My fear was created by several conversations with the father of a friend of Eldest's.  We had discussed the soccer season, as his son was on Eldest's team last fall.  Early in the season he told me he thought his son's team would go winless this spring.  I doubted that, but as we crossed paths at various swimming, soccer and school events, it became apparent that he was correct.  I also began to worry about what my freight train of a team might do to theirs.

I knew they lost their first game "something like 12-0".  That loss was to the only team Eldest has lost to this spring.  You may recall we lost 5-3 after being down 4-1 at halftime.  You may recall that the coach (who shall remain nameless and continue to refer to himself in the third person) made a substitution error, leaving him with two of his strongest players on the bench at the end of the game.  You may not know that the best player on the team (my little Maradona) did not play in that game, as he had not yet joined the team at that point.  At this point, more than a few parents on our team believe we would win a rematch.  The nameless coach agrees.

Knowing that a team we are essentially on par with defeated our friend's team "something like 12-0" weighed on me.  I want my boys to do well.  The secret I don't tell them is that not one of them hates losing more than me.  We lost our game and they were over it by the time the Gatorade was finished.  I'm still not quite over it.  I will never get over losing my last swim meet as a coach.  That was in 1997.  However, I do not enjoy humiliating people, especially 9 year olds.  Heading into this game, I feared humiliation.  Five minutes into the game, sitting on a 2-0 lead, I feared I had under-estimated the result.

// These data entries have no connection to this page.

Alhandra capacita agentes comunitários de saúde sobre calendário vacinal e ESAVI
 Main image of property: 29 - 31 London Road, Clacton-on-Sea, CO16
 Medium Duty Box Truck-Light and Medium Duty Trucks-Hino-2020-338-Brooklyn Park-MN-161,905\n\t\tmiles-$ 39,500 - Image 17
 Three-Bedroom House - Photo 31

To make matters worse, it was a cold, rainy day.  About 10 minutes into the game, my goalie yelled to me that he was cold.  All I could tell him was to jump up and down, I didn't expect him to see much action.  He did see a little action, and at one point in the game, I feared the other team would score.  As much as I don't like to humiliate 9 year olds, there is always a little voice in my head reminding me that I don't want to get scored on.  At several points, I looked to the other side of the field and saw Eldest's friend's parents huddled under an undersized umbrella, watching the game.  As miserable as the weather was for everyone, at least our parents were watching a big win, not a blow-out loss.

I yelled at my boys a little less than normal.  And with 10-15 minutes to go, at the suggestion of the referee, I pulled a player to play a man down.  My biggest fear in doing that was realized when we scored two more goals.  I found myself wondering what is worse, losing 9-0 in 40 minutes even strength, or losing 2-0 in 10 minutes while a man up.  The game ended and my boys understandably were overjoyed, and loved to yell that they won, 11-0.  I quickly bottled that up.  I told them they played a good game, but we didn't need to scream out the score or make a big deal out of this.  We shook hands, had snack and moved on.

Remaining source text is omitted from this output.